De fato a estranheza aproximou as primeiras bandas daqui com as de lá e, se para nós o fator da língua já era algo bem interessante, para eles também. O Força Macabra, da Finlândia, é um belo exemplo da curiosidade e intercâmbio linguístico que rolaram entre os países. Formado em 91, o Força Macabra é uma banda que canta em português. Isso mesmo, uma banda da Finlândia que canta na nossa língua. Inicialmente eles tocavam punk/hardcore e hoje em dia caíram mais pro lado do crossover, e sempre citaram como influências algumas bandas brasileiras dos anos 80 como Armagedom, Lobotomia, Ratos de Porão, Dorsal Atlântica, MX, Anthares, Chakal e Sarcófago.
A globalização e a aceleração da informação foram duas coisas bem positivas pra quem tinha sede de conhecer e ouvir coisas novas. Mas ao mesmo tempo que saciaram a nossa curiosidade em pesquisar e ir atrás para descobrir o que acontecia do outro lado do mundo, também parecem ter, de certa forma, arrancado o caráter contestador do punk que antes, por aqui e lá, era um ato político de postura e luta por ideias e ideais. De uns bons anos pra cá, é algo mais visual e pouco ameaçador. Sem afronta. Mas o velho Punk’s Not Dead ainda vale de lema.

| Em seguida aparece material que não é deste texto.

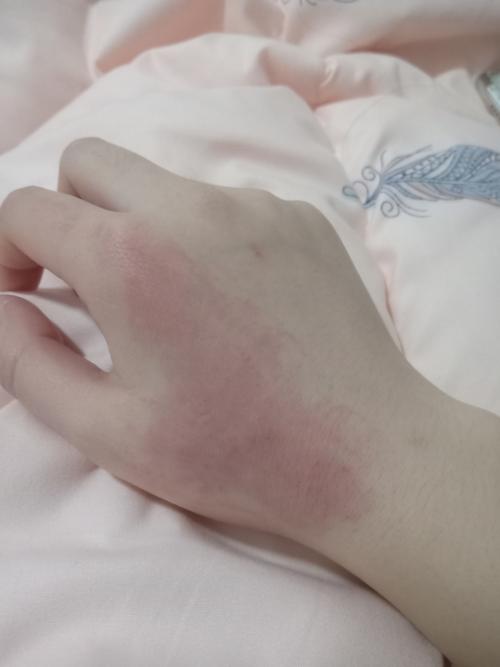 必须立刻就医的睡眠倒退期红线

Hoje, algumas bandas ainda têm a energia, a ideologia e a resistência para manter viva a alma daquele punk/hardcore feito no início dos anos 80.
O importante é que a bandeira do punk ainda carrega princípios que, por mais que a idade chegue e o mundo se globalize, não vão perder jamais a força de combater e acreditar em algo que faça nosso coração bater acelerado ao som de riffs diretos e ávidos gritos.